# Prompt:
In the copy, keep every record exact and leave out all images.

# Records for processing:

┄┄┄┄┄┄┄┄┄┄┄┄┄┄┄┄┄┄┄┄

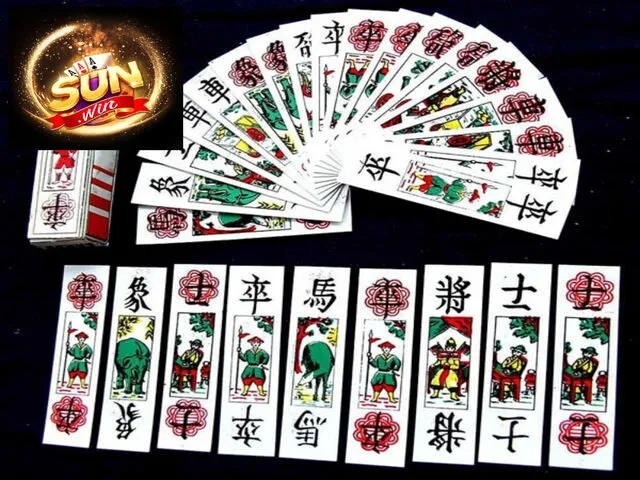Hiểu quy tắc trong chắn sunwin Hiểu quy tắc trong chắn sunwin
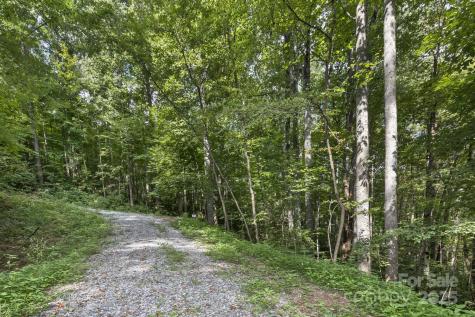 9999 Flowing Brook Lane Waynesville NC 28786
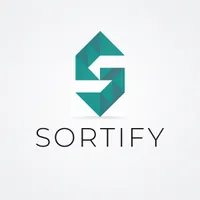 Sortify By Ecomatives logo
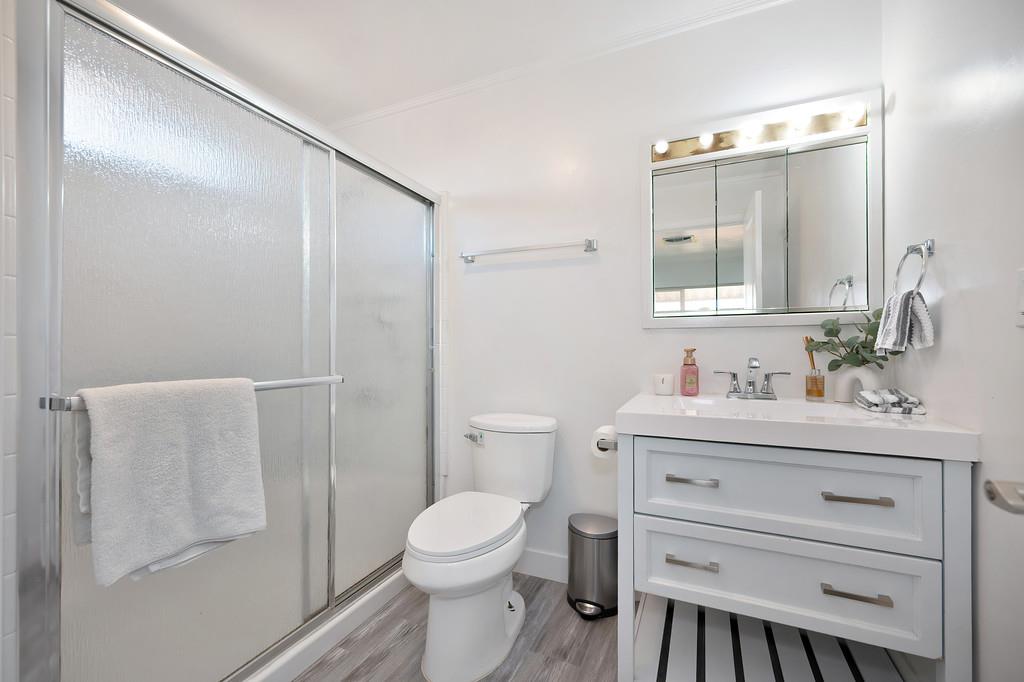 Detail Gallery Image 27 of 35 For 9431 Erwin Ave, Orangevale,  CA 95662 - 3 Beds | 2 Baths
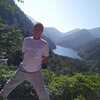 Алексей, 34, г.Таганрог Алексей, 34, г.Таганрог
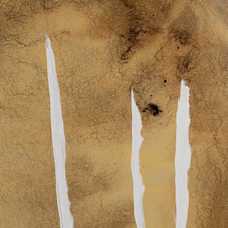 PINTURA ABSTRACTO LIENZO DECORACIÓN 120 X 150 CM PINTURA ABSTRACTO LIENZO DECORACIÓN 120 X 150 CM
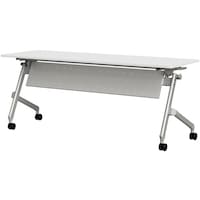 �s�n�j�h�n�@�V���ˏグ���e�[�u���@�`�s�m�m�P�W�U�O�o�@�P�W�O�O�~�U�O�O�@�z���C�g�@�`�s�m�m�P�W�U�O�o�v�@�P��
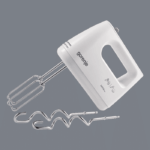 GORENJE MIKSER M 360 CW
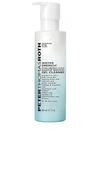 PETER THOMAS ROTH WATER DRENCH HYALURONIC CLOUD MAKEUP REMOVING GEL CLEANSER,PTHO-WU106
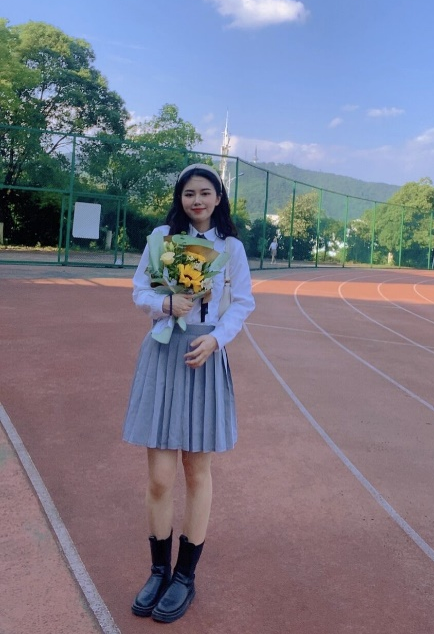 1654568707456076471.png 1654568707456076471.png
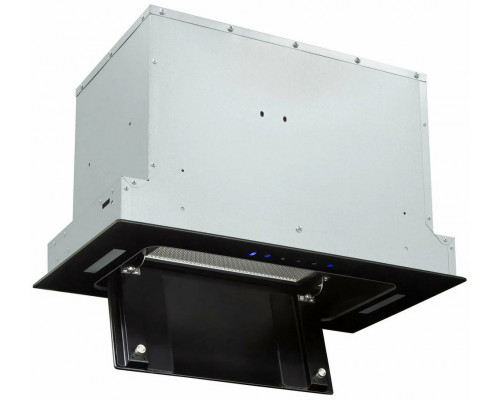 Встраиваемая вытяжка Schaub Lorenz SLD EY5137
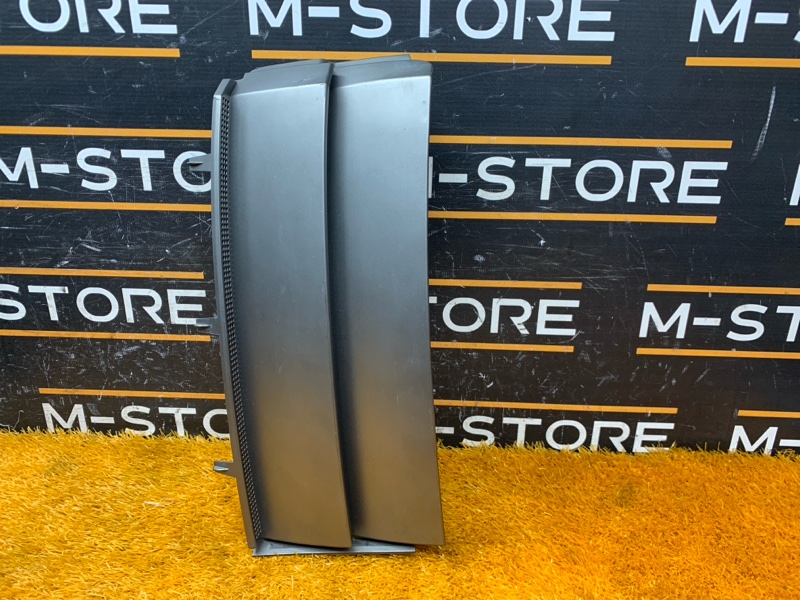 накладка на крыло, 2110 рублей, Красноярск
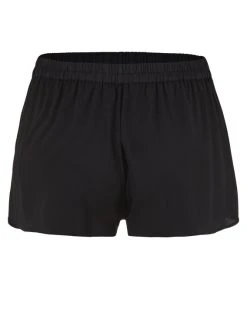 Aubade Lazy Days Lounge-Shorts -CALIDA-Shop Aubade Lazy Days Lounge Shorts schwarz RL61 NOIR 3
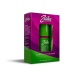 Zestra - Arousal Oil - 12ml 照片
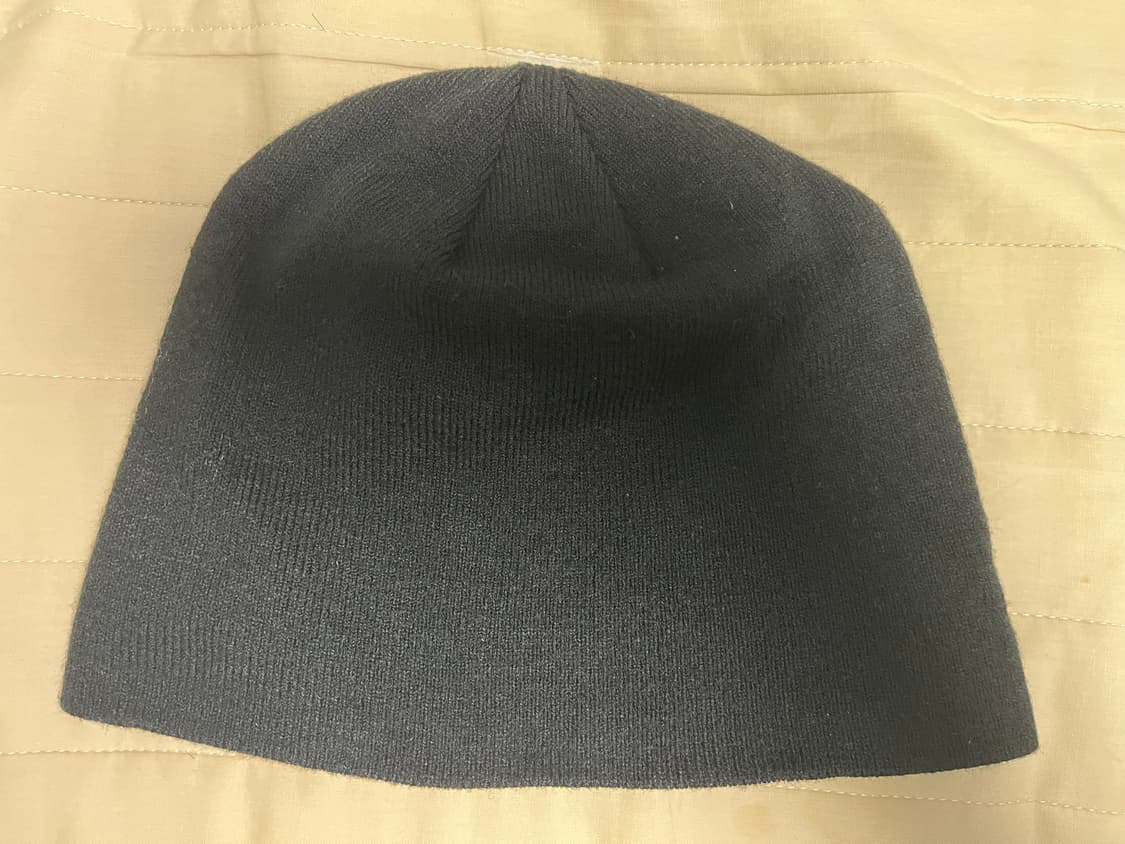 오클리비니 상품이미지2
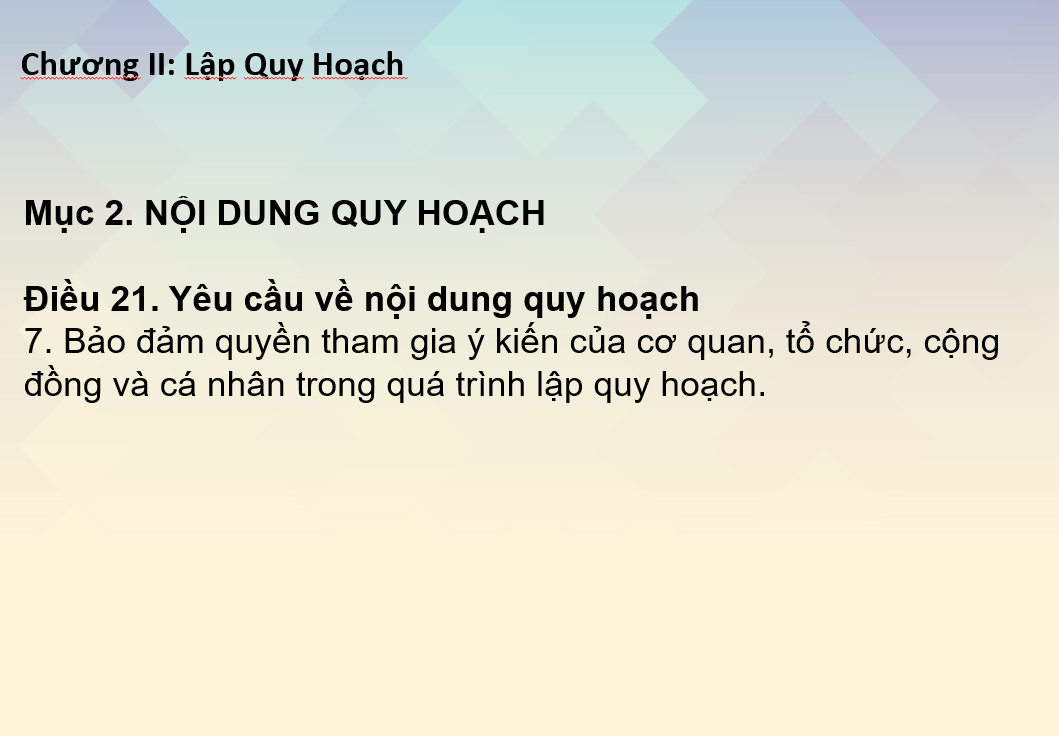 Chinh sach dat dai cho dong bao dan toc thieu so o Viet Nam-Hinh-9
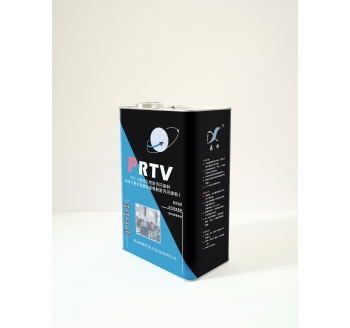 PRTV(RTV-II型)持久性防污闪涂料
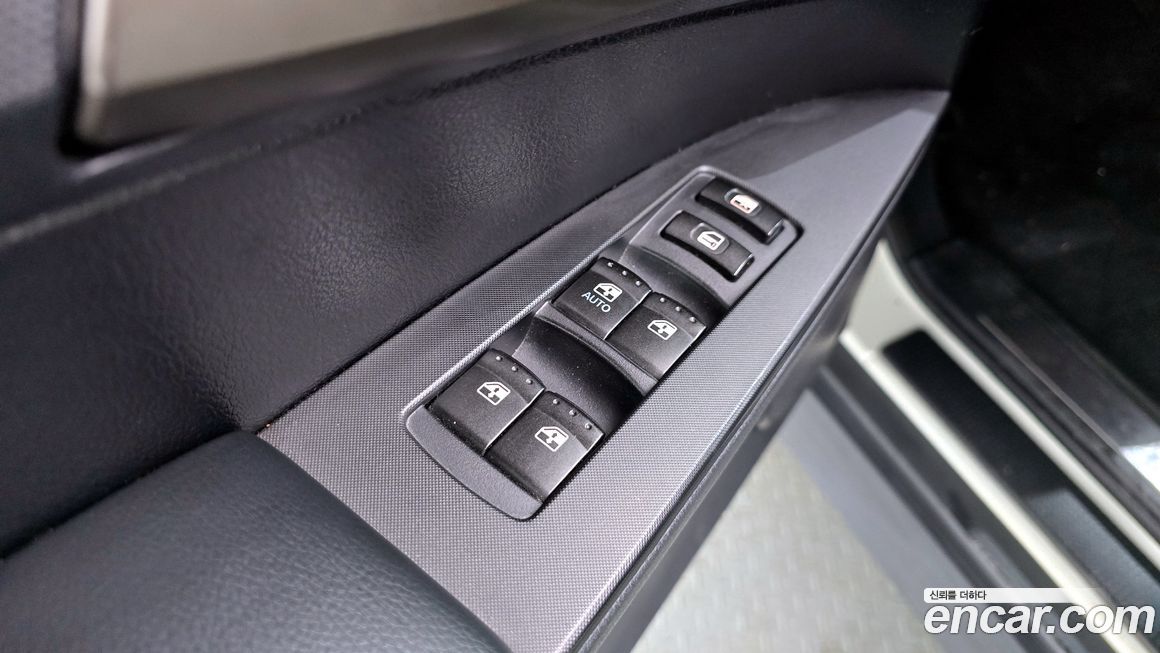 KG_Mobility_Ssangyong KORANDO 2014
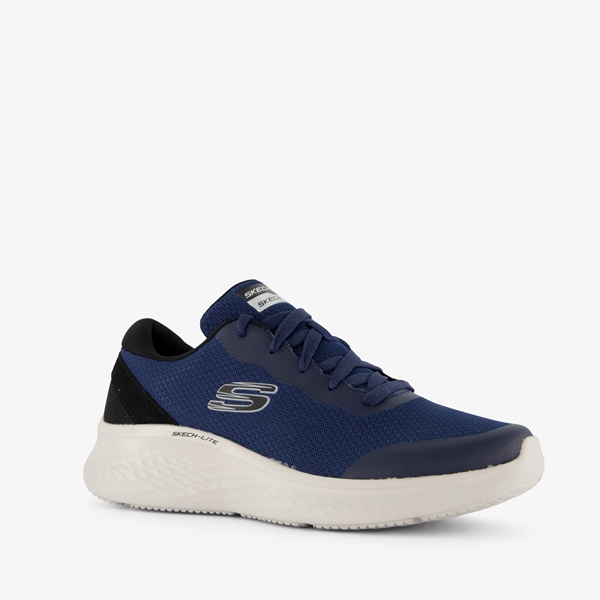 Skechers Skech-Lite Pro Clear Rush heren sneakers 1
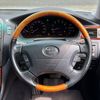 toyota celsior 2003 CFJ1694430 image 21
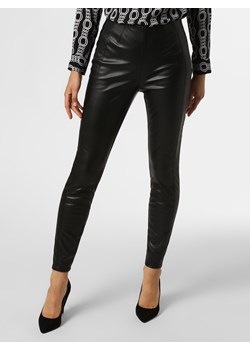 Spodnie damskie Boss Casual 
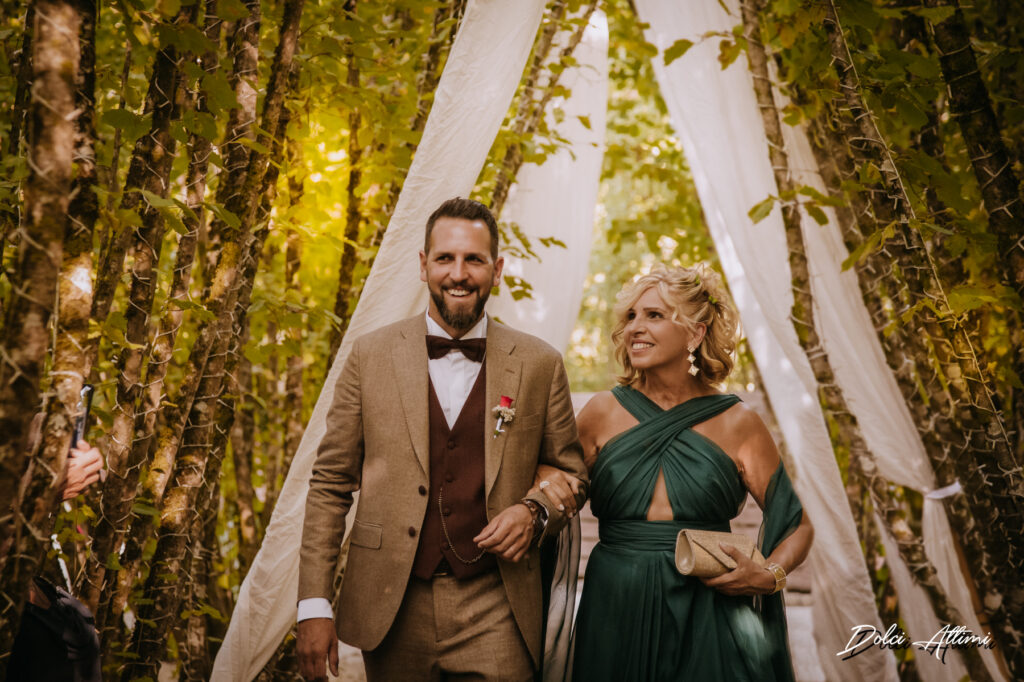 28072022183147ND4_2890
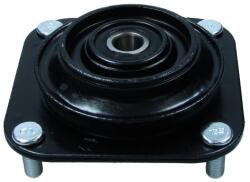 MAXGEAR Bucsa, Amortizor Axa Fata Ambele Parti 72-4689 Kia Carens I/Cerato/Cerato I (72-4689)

┄┄┄┄┄┄┄┄┄┄┄┄┄┄┄┄┄┄┄┄

# Exercise result:
Hiểu quy tắc trong chắn sunwin Hiểu quy tắc trong chắn sunwin
 9999 Flowing Brook Lane Waynesville NC 28786
 Sortify By Ecomatives logo
 Detail Gallery Image 27 of 35 For 9431 Erwin Ave, Orangevale,  CA 95662 - 3 Beds | 2 Baths
 Алексей, 34, г.Таганрог Алексей, 34, г.Таганрог
 PINTURA ABSTRACTO LIENZO DECORACIÓN 120 X 150 CM PINTURA ABSTRACTO LIENZO DECORACIÓN 120 X 150 CM
 �s�n�j�h�n�@�V���ˏグ���e�[�u���@�`�s�m�m�P�W�U�O�o�@�P�W�O�O�~�U�O�O�@�z���C�g�@�`�s�m�m�P�W�U�O�o�v�@�P��
 GORENJE MIKSER M 360 CW
 PETER THOMAS ROTH WATER DRENCH HYALURONIC CLOUD MAKEUP REMOVING GEL CLEANSER,PTHO-WU106
 1654568707456076471.png 1654568707456076471.png
 Встраиваемая вытяжка Schaub Lorenz SLD EY5137
 накладка на крыло, 2110 рублей, Красноярск
 Aubade Lazy Days Lounge-Shorts -CALIDA-Shop Aubade Lazy Days Lounge Shorts schwarz RL61 NOIR 3
 Zestra - Arousal Oil - 12ml 照片
 오클리비니 상품이미지2
 Chinh sach dat dai cho dong bao dan toc thieu so o Viet Nam-Hinh-9
 PRTV(RTV-II型)持久性防污闪涂料
 KG_Mobility_Ssangyong KORANDO 2014
 Skechers Skech-Lite Pro Clear Rush heren sneakers 1
 toyota celsior 2003 CFJ1694430 image 21
 Spodnie damskie Boss Casual 
 28072022183147ND4_2890
 MAXGEAR Bucsa, Amortizor Axa Fata Ambele Parti 72-4689 Kia Carens I/Cerato/Cerato I (72-4689)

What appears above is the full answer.